Available data >>
----
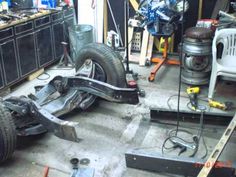 the front end of a car being worked on in a garage with tools and equipment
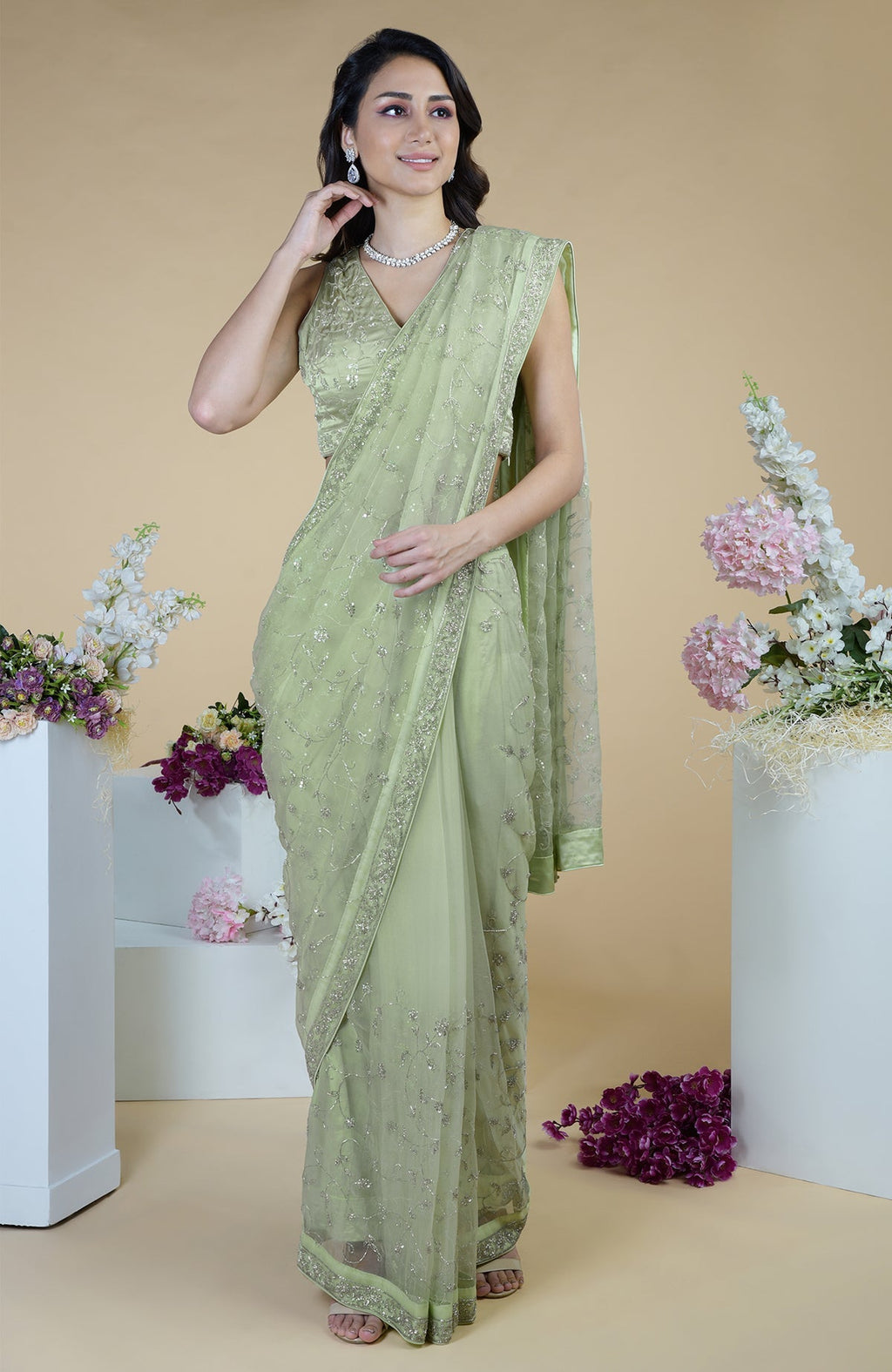 A woman models a pastel mint saree with silver beads and sequin zardozi hand embroidery.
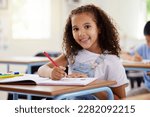 Learning, drawing and portrait of girl in classroom exam, education or studying with book. Preschool smile, development and happy kid or student coloring for creative art in notebook in kindergarten.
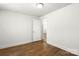 Bright bedroom features white walls and wood-look flooring and a doorway leading to another room at 2488 Catawba Church Rd, Rock Hill, SC 29730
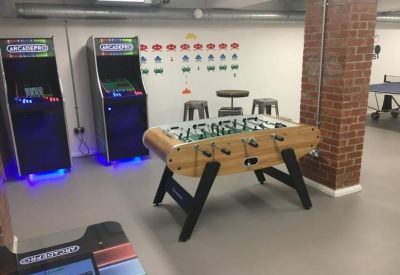 Basement games room with arcade machines, foosball table, and exposed brick.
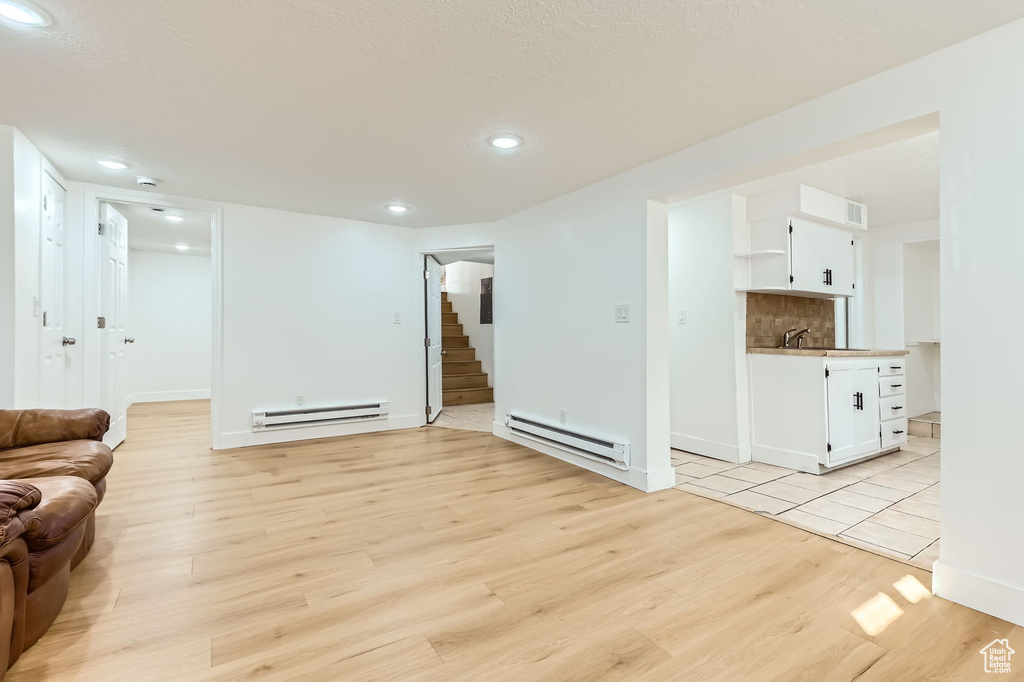 Living area with a baseboard radiator, stairway, light wood-style floors, and recessed lighting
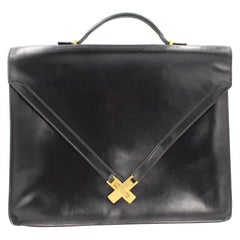 Hermes Kelly brief case in black leather.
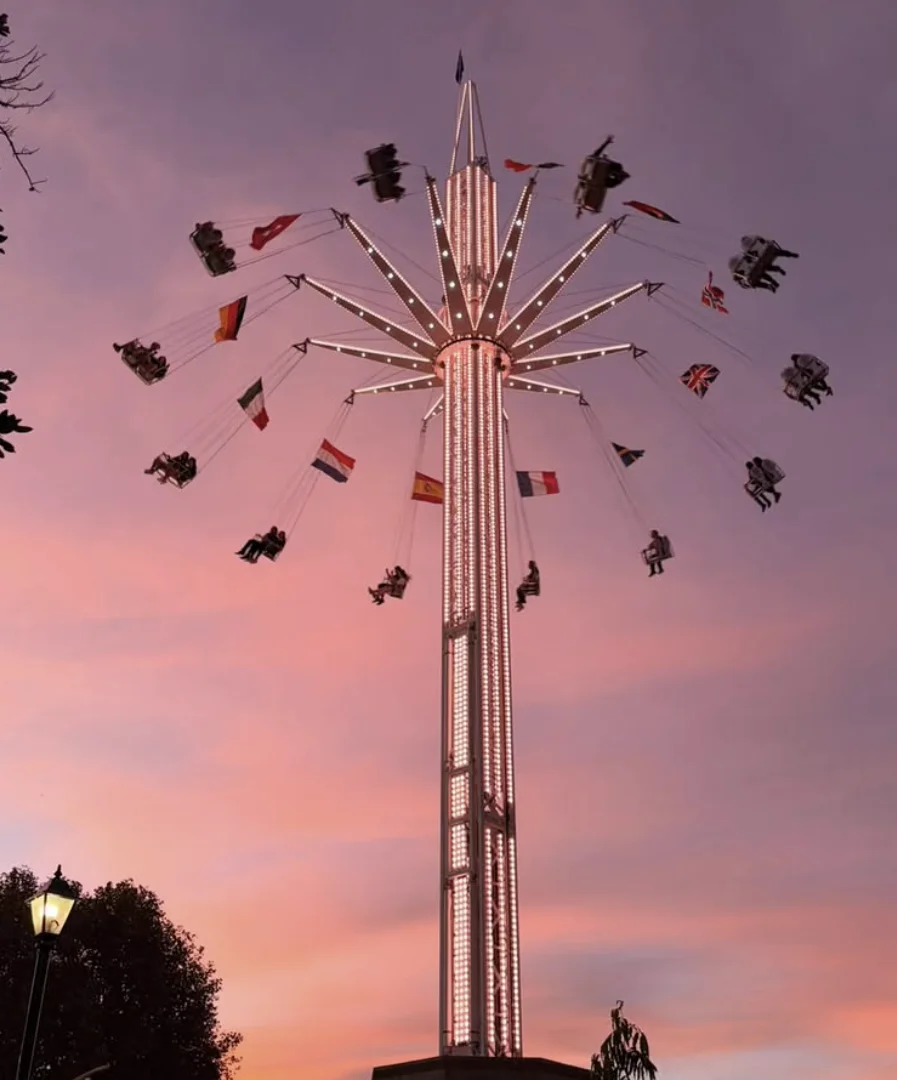 Brinquedo do tipo torre de cadeiras voadoras giratórias à noite, todo iluminado, com pessoas nas cadeiras e bandeiras de vários países penduradas. O fundo exibe um céu de fim de tarde com tons de rosa e roxo.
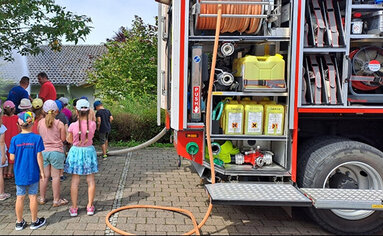 Kindergarten stehen am Hands-On Aktionstag von PRODINGER hilft neben einem Feuerwehrauto und schauen bei einer Löschübung zu.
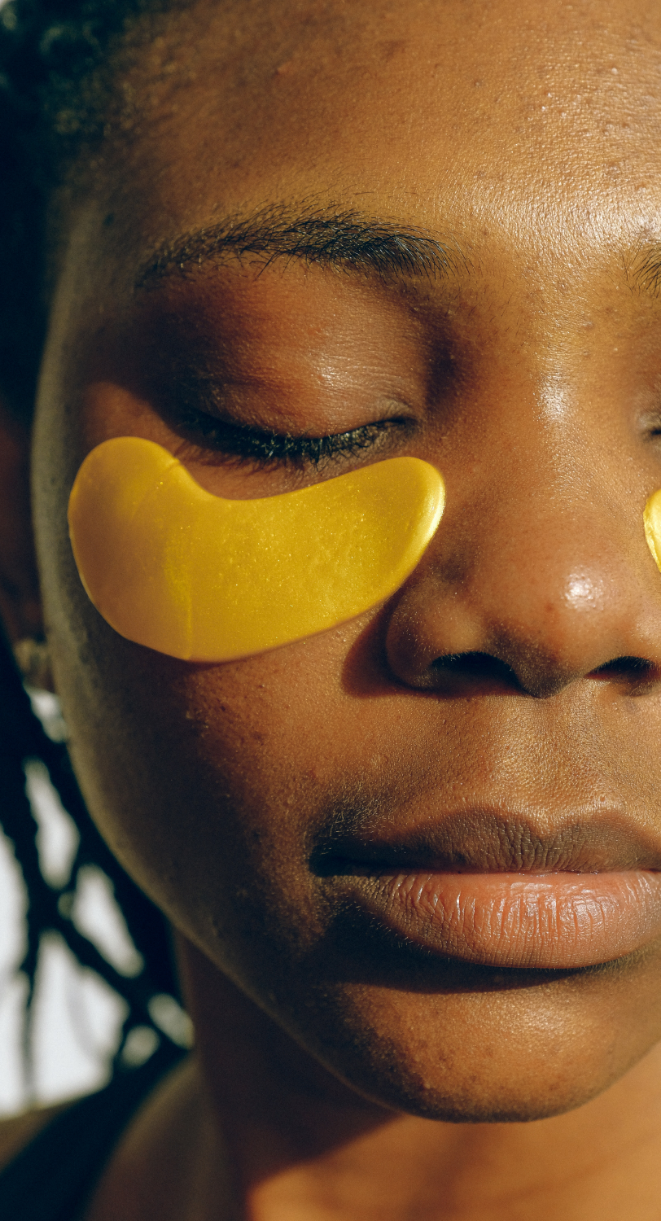 Close-up of a person wearing golden under-eye patches, eyes closed.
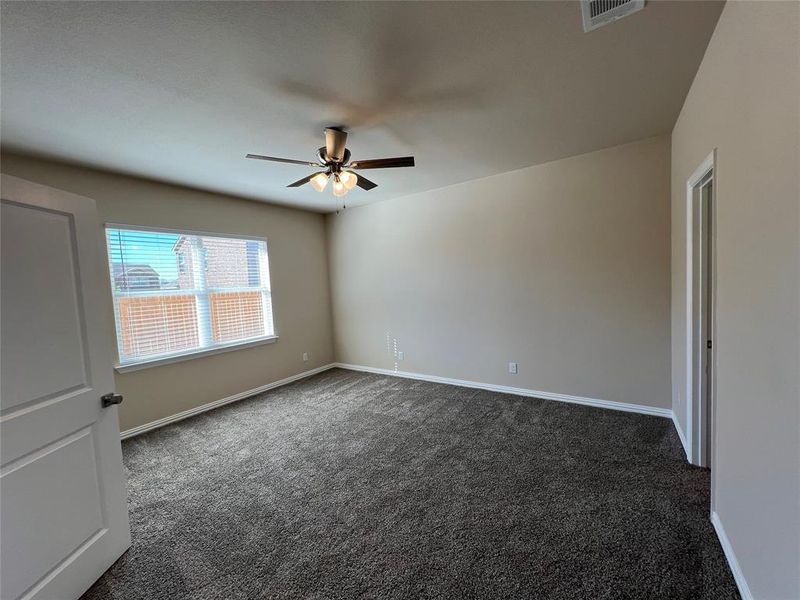 Carpeted spare room featuring ceiling fan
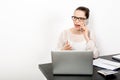 A young enerpreneur woman sits at her workplace with a laptop near a white wall while talking emotionally and loudly on the phone Royalty Free Stock Photo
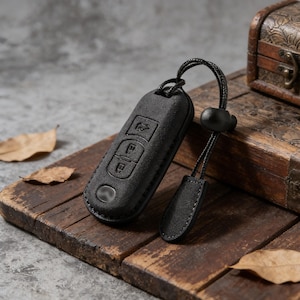 May include: A black car key fob cover with embossed buttons and a lanyard. The key fob cover is made of a textured material and is resting on a wooden surface. A small wooden chest is in the background.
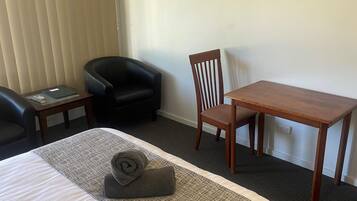 Une chambre d’hôtel avec un lit, un bureau, une chaise et un tableau accroché au mur.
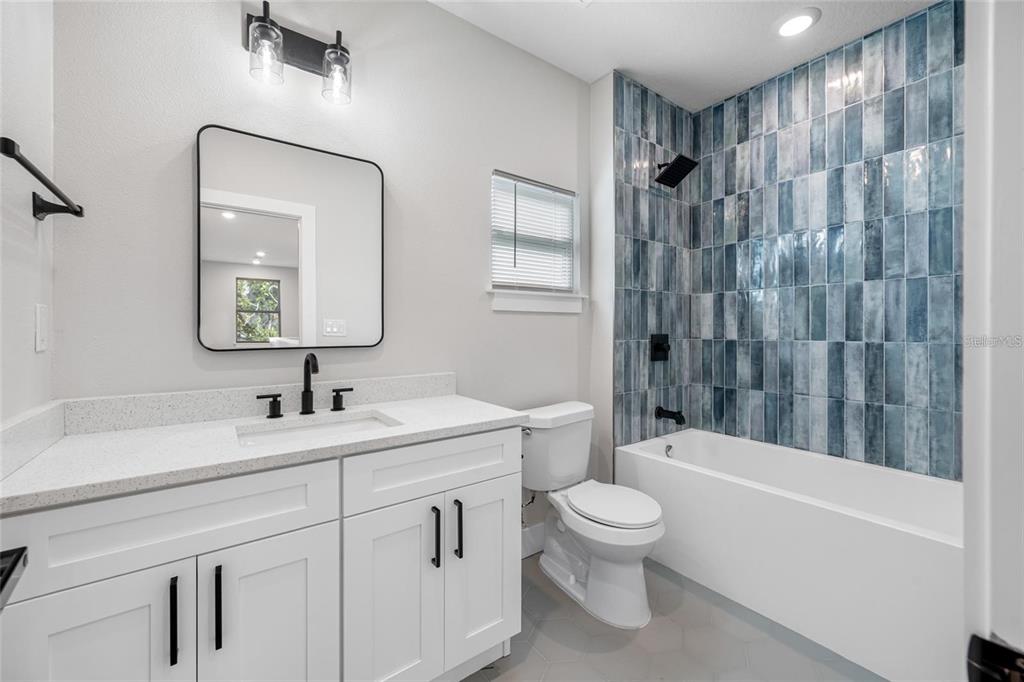 A bathroom features a white vanity, a black-framed mirror, and a blue-tiled bathtub shower — 1039 53RD AVENUE N, ST PETERSBURG, FL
----
Action item >>
Your answer must be an exact copy of the records above, with every picture left out.

Solution for this problem >>
 the front end of a car being worked on in a garage with tools and equipment
 A woman models a pastel mint saree with silver beads and sequin zardozi hand embroidery.
 Learning, drawing and portrait of girl in classroom exam, education or studying with book. Preschool smile, development and happy kid or student coloring for creative art in notebook in kindergarten.
 Bright bedroom features white walls and wood-look flooring and a doorway leading to another room at 2488 Catawba Church Rd, Rock Hill, SC 29730
 Basement games room with arcade machines, foosball table, and exposed brick.
 Living area with a baseboard radiator, stairway, light wood-style floors, and recessed lighting
 Hermes Kelly brief case in black leather.
 Brinquedo do tipo torre de cadeiras voadoras giratórias à noite, todo iluminado, com pessoas nas cadeiras e bandeiras de vários países penduradas. O fundo exibe um céu de fim de tarde com tons de rosa e roxo.
 Kindergarten stehen am Hands-On Aktionstag von PRODINGER hilft neben einem Feuerwehrauto und schauen bei einer Löschübung zu.
 Close-up of a person wearing golden under-eye patches, eyes closed.
 Carpeted spare room featuring ceiling fan
 A young enerpreneur woman sits at her workplace with a laptop near a white wall while talking emotionally and loudly on the phone Royalty Free Stock Photo
 May include: A black car key fob cover with embossed buttons and a lanyard. The key fob cover is made of a textured material and is resting on a wooden surface. A small wooden chest is in the background.
 Une chambre d’hôtel avec un lit, un bureau, une chaise et un tableau accroché au mur.
 A bathroom features a white vanity, a black-framed mirror, and a blue-tiled bathtub shower — 1039 53RD AVENUE N, ST PETERSBURG, FL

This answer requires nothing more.